-- TASK INSTRUCTIONS --
When you reproduce these records, keep every word exactly and drop the images.

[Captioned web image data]

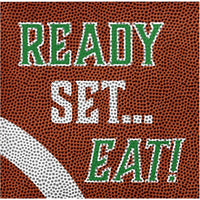 Tailgate Time Paper Beverage Napkin (Case of 192) - Sports Party Supplies by Creative Converting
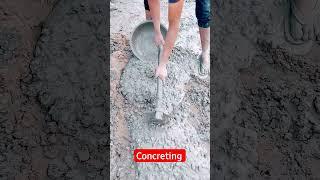 Concrete mixing by hand |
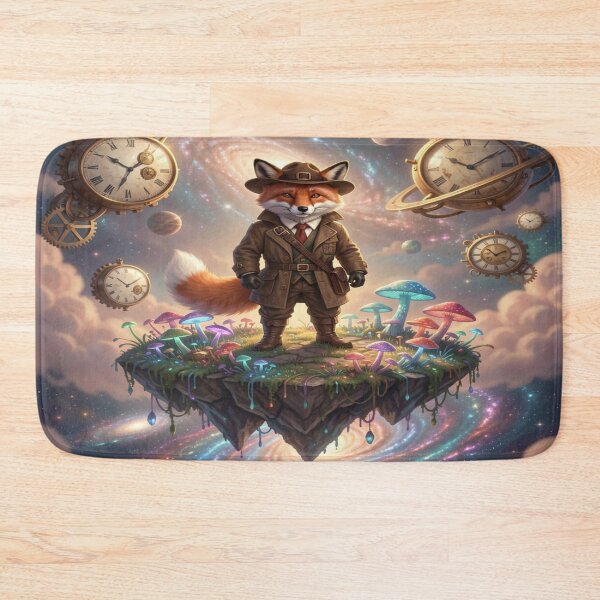 Item preview, Victorian Explorer Fox on Floating Island with Clockwork Sky designed and sold by FotoworldEdel.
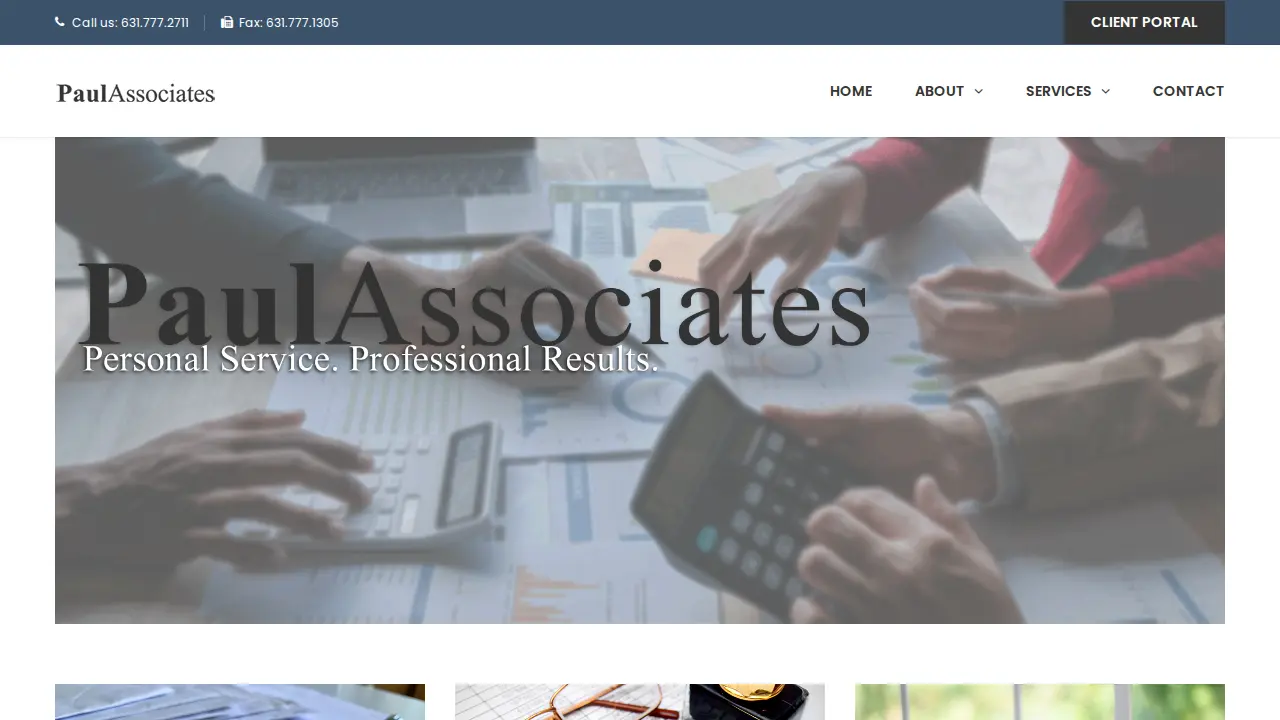 Paul Associates page
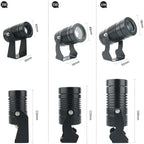 LED Beam Spotlight, 1/2PCS Ground Spotlight Lights, IP67 Waterproof Wall Washer LED Beam Spotlight,Outdoor Buried Long Throw Narrow Beam Lights，White 3W(12V) - Image 2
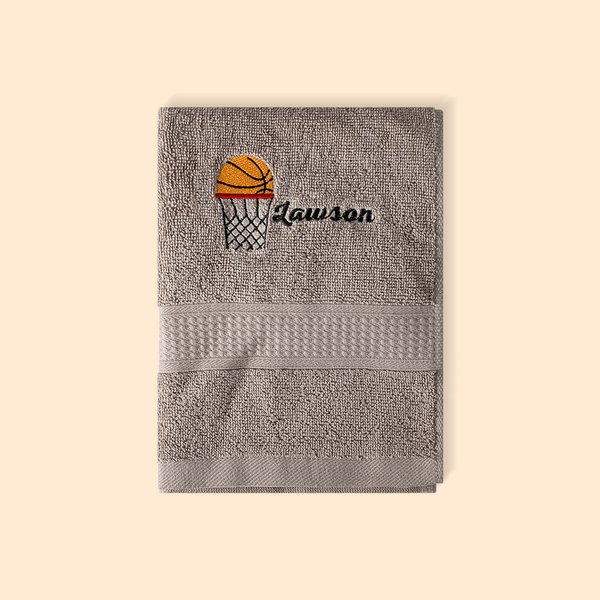 Henkilökohtainen Super imukykyinen koripallo teema kirjonta puuvilla Gym pyyhe nimi syntymäpäivä urheilu lahja koripallo ystäville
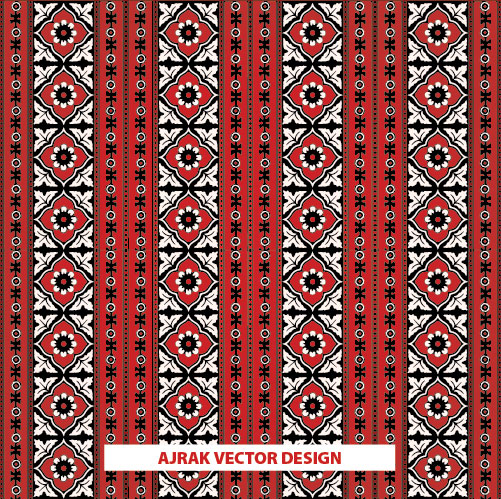 ajrak pattern sindhi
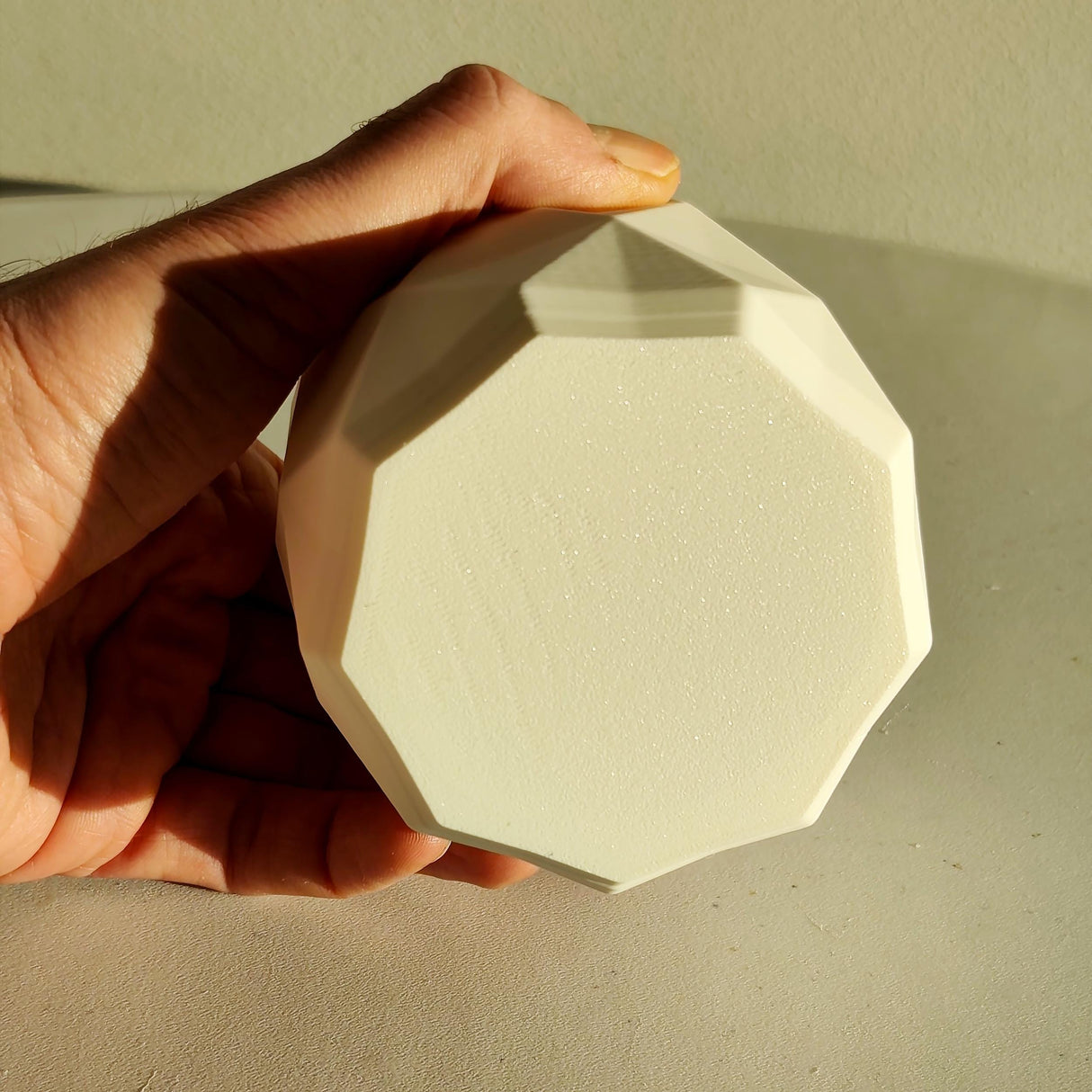 3D Printed Geometric Brush Holder | Modern Faceted Makeup Organizer | Minimalist Pen Cup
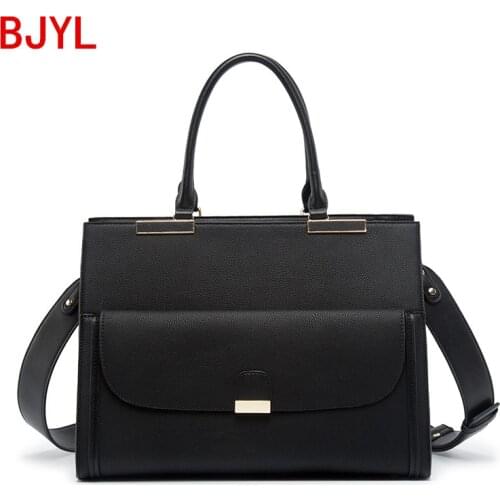 New Luxury Fashion Women Handbag Business Notebook Briefcase Laptop Bag Shoulder Slung Bag Female Official Document Tote Bags PU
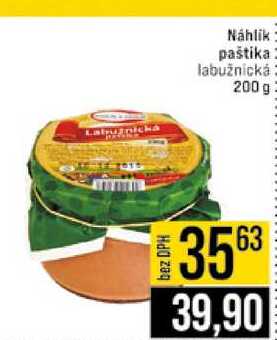 Náhlik paštika labužnická 200g 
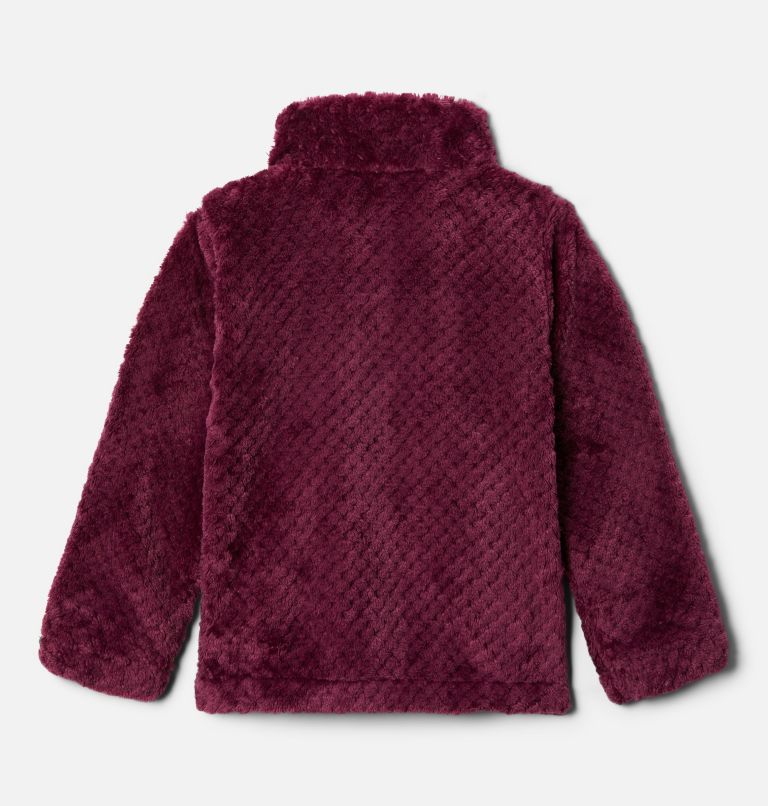 Thumbnail: Toddler Fire Side Sherpa Full Zip, Color: Marionberry, image 2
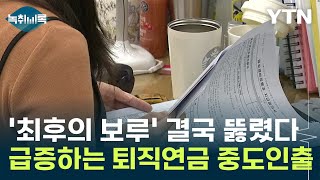 최후의 보루 결국 뚫렸다급증하는 퇴직연금 중도인출 Y녹취록  YTN [upl. by Lias]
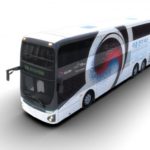 Двухэтажный электрический автобус Hyundai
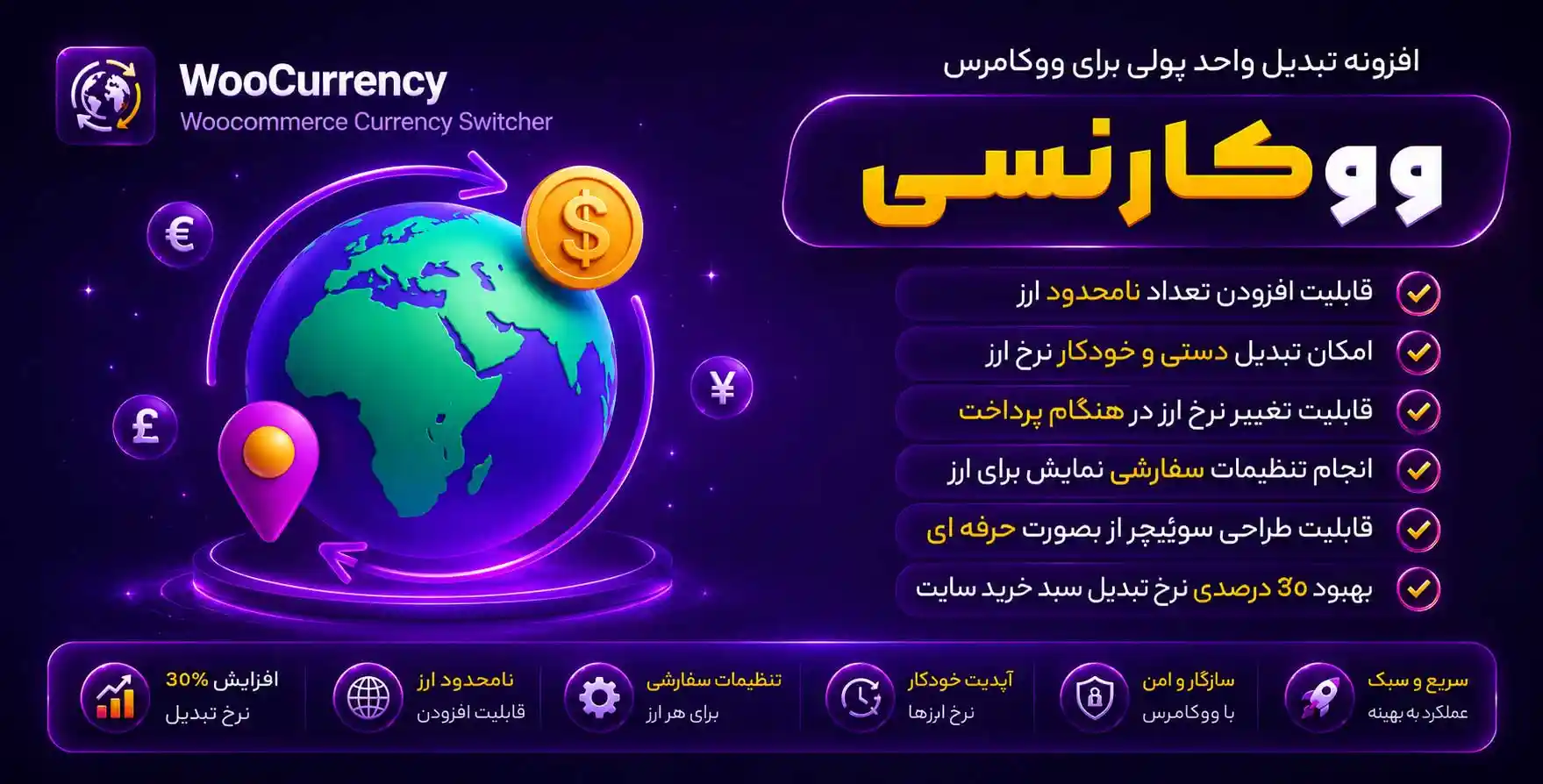 افزونه Woocurrency | پلاگین مبدل واحد پولی برای ووکامرس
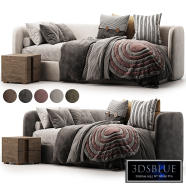 Bed Amalia 90 Velvet Smoke Divan.ru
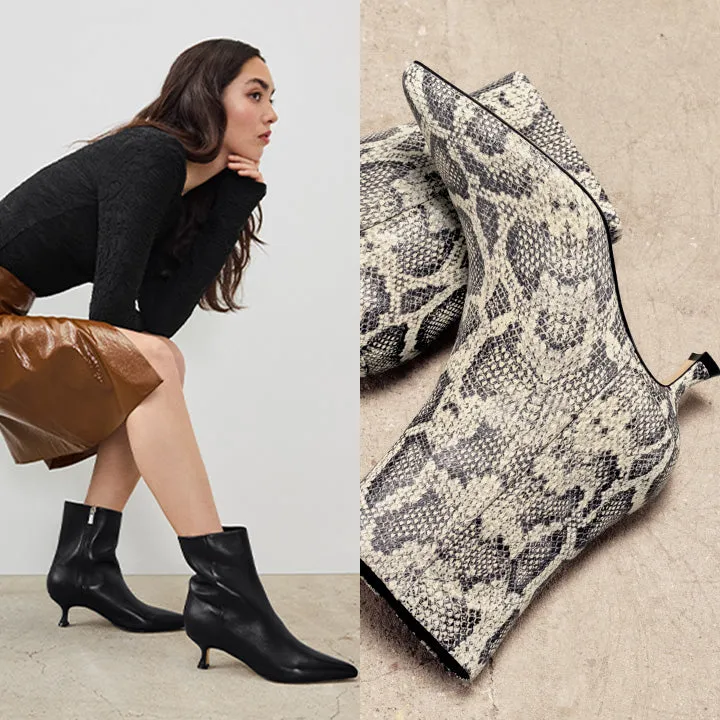 Snake-print booties from the New Arrivals collection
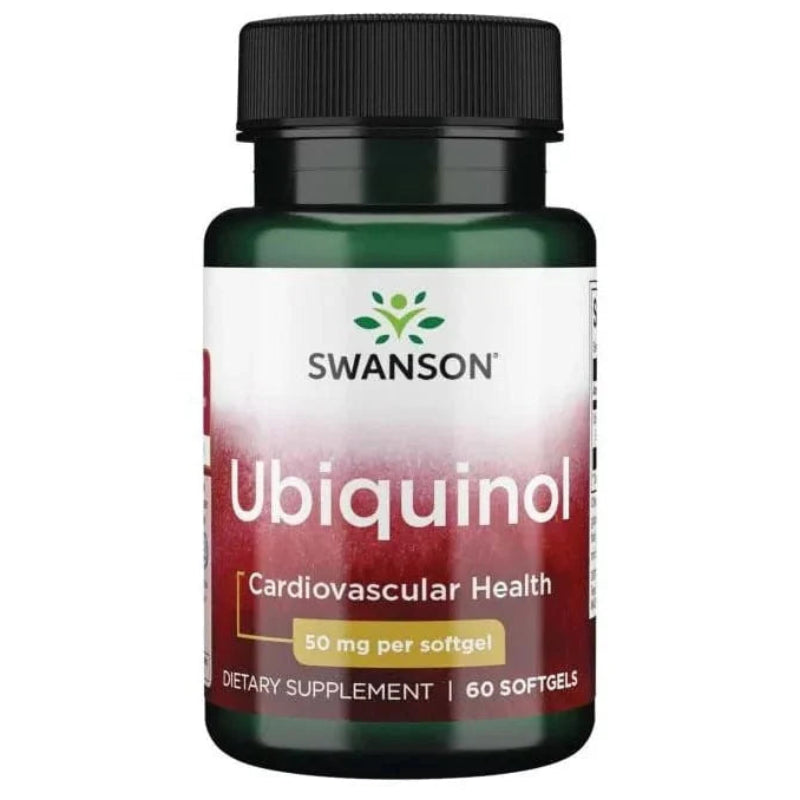 SWANSON Ubichinols 50 mg - 60 kapsulas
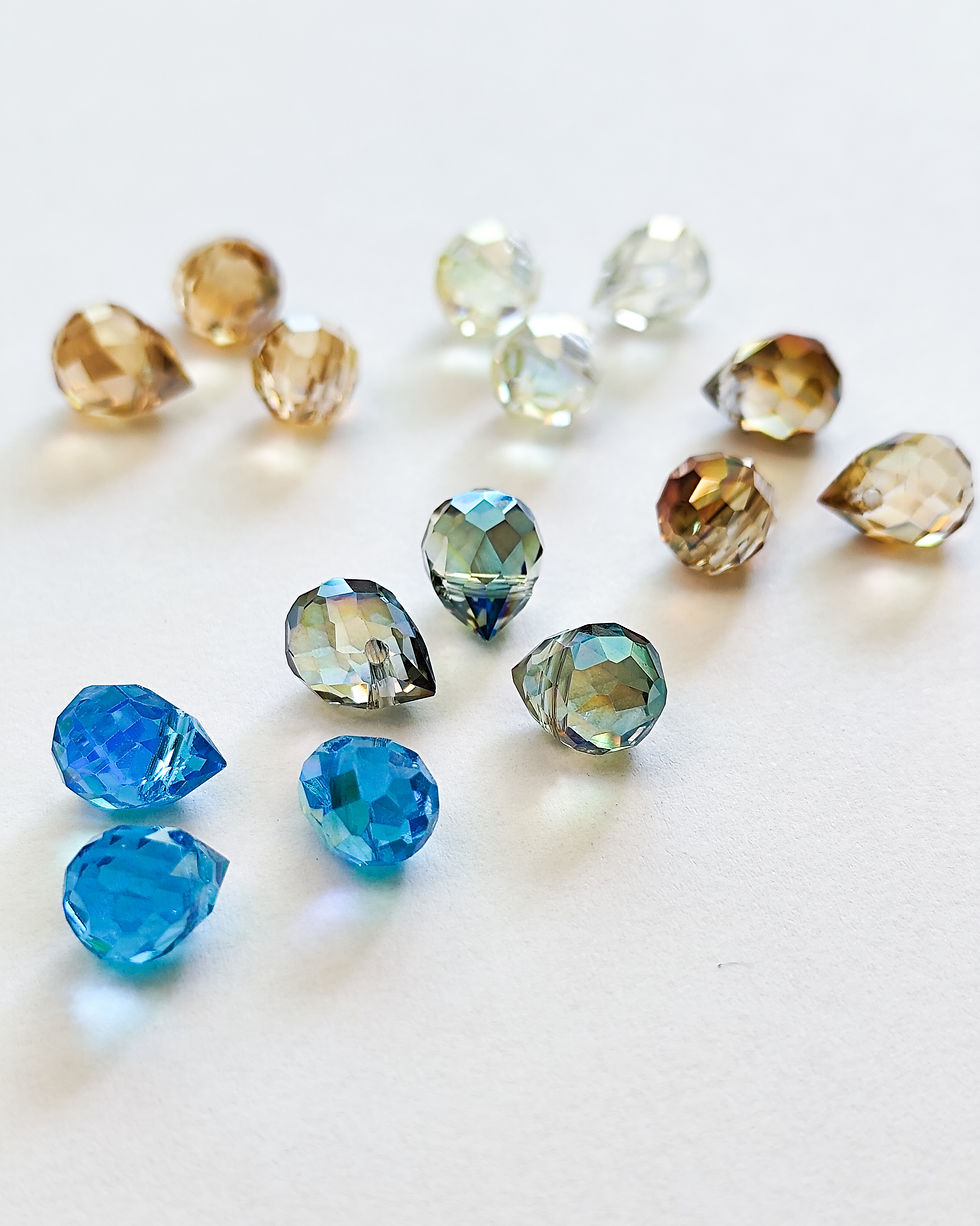 Cristal Briolet Facetado 8x10mm para bijuterias e semijoias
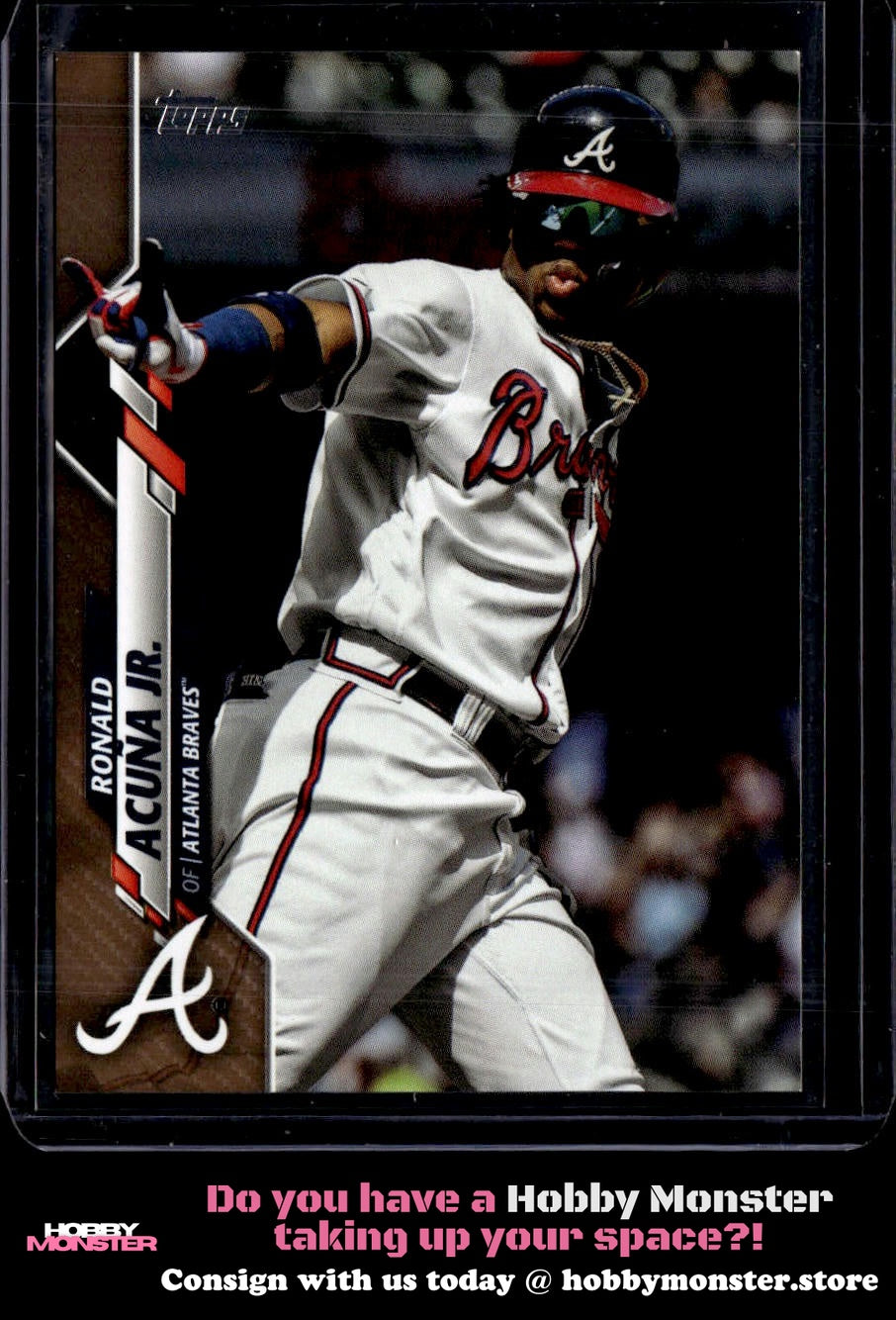 2020 Topps Ronald Acuña Jr. Gold #/2020 Atlanta Braves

-- SOLUTION TO THE EXERCISE --
 Tailgate Time Paper Beverage Napkin (Case of 192) - Sports Party Supplies by Creative Converting
 Concrete mixing by hand |
 Item preview, Victorian Explorer Fox on Floating Island with Clockwork Sky designed and sold by FotoworldEdel.
 Paul Associates page
 LED Beam Spotlight, 1/2PCS Ground Spotlight Lights, IP67 Waterproof Wall Washer LED Beam Spotlight,Outdoor Buried Long Throw Narrow Beam Lights，White 3W(12V) - Image 2
 Henkilökohtainen Super imukykyinen koripallo teema kirjonta puuvilla Gym pyyhe nimi syntymäpäivä urheilu lahja koripallo ystäville
 ajrak pattern sindhi
 3D Printed Geometric Brush Holder | Modern Faceted Makeup Organizer | Minimalist Pen Cup
 New Luxury Fashion Women Handbag Business Notebook Briefcase Laptop Bag Shoulder Slung Bag Female Official Document Tote Bags PU
 Náhlik paštika labužnická 200g 
 Thumbnail: Toddler Fire Side Sherpa Full Zip, Color: Marionberry, image 2
 최후의 보루 결국 뚫렸다급증하는 퇴직연금 중도인출 Y녹취록  YTN [upl. by Lias]
 Двухэтажный электрический автобус Hyundai
 افزونه Woocurrency | پلاگین مبدل واحد پولی برای ووکامرس
 Bed Amalia 90 Velvet Smoke Divan.ru
 Snake-print booties from the New Arrivals collection
 SWANSON Ubichinols 50 mg - 60 kapsulas
 Cristal Briolet Facetado 8x10mm para bijuterias e semijoias
 2020 Topps Ronald Acuña Jr. Gold #/2020 Atlanta Braves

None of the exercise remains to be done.